[WHAT THIS TASK INVOLVES] Before you return the lines below, strip out any images and keep every word as written.

[STORED DATA]
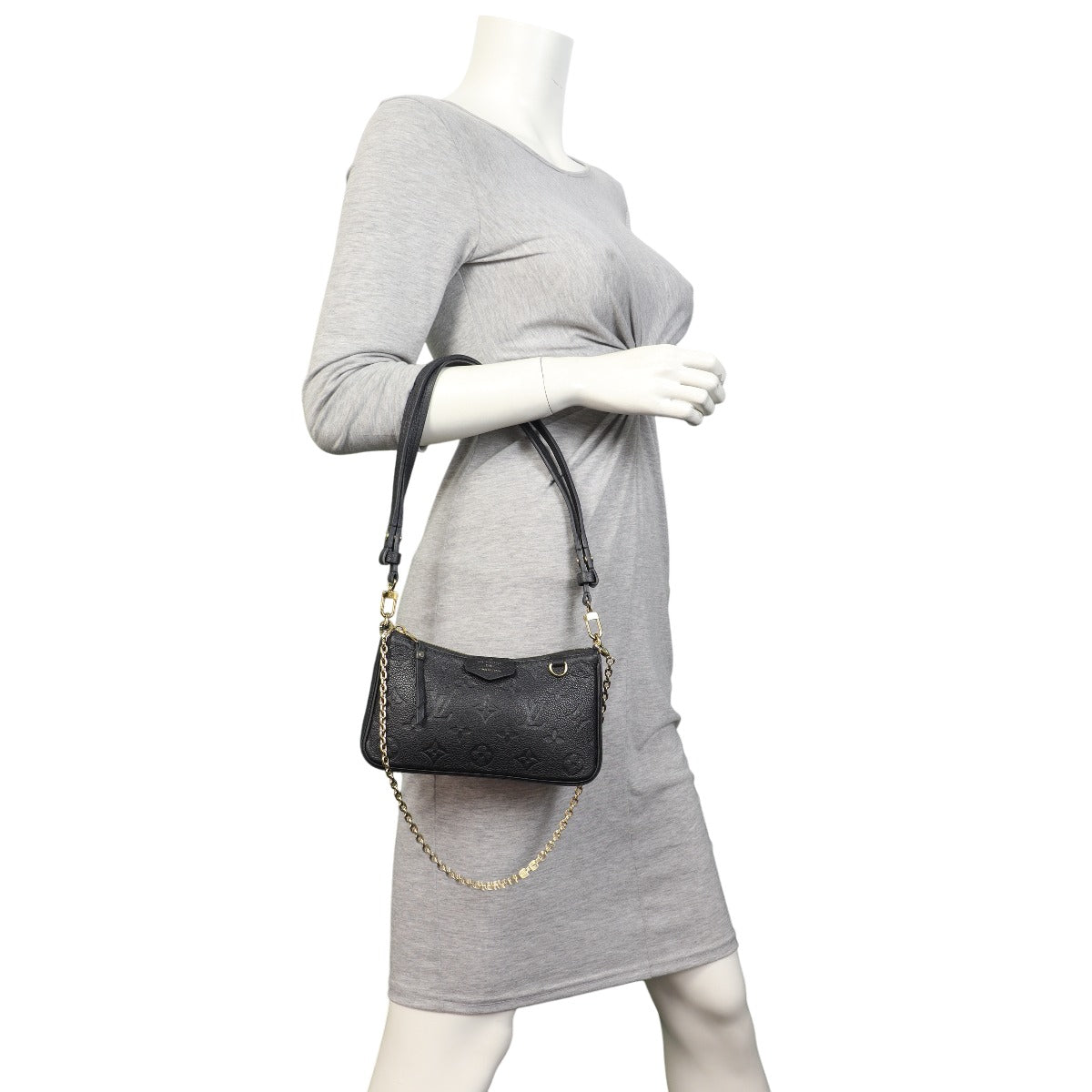 Louis Vuitton Easy Pouch on Strap Monogram Empreinte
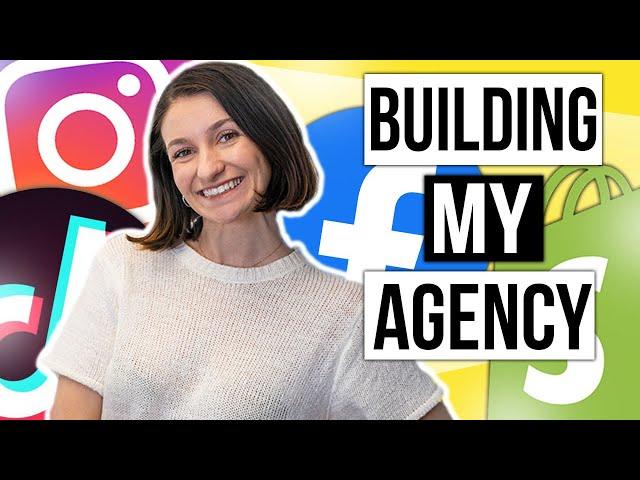 How I Built a Digital Marketing Agency | My Story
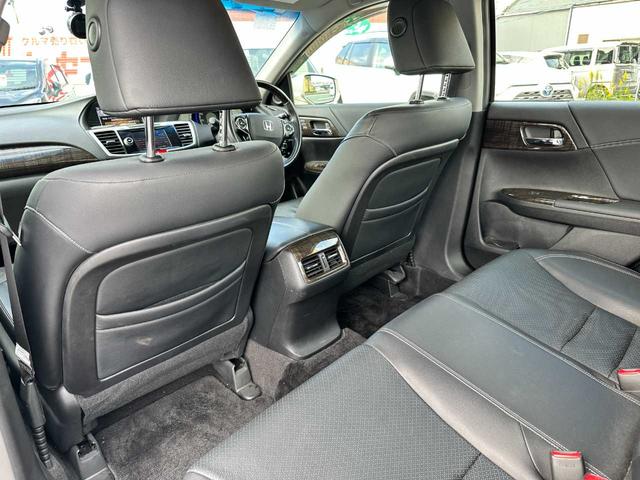 アコードハイブリッド EX 純正ナビ CD/DVD バックカメラ 禁煙車 アダプティブクルーズコントロール 衝突被害軽減ブレーキ 横滑り防止装置 レーンキープアシスト 電動シート ドラレコ ETC(36枚目)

[TASK RESULT]
 Louis Vuitton Easy Pouch on Strap Monogram Empreinte
 How I Built a Digital Marketing Agency | My Story
 アコードハイブリッド EX 純正ナビ CD/DVD バックカメラ 禁煙車 アダプティブクルーズコントロール 衝突被害軽減ブレーキ 横滑り防止装置 レーンキープアシスト 電動シート ドラレコ ETC(36枚目)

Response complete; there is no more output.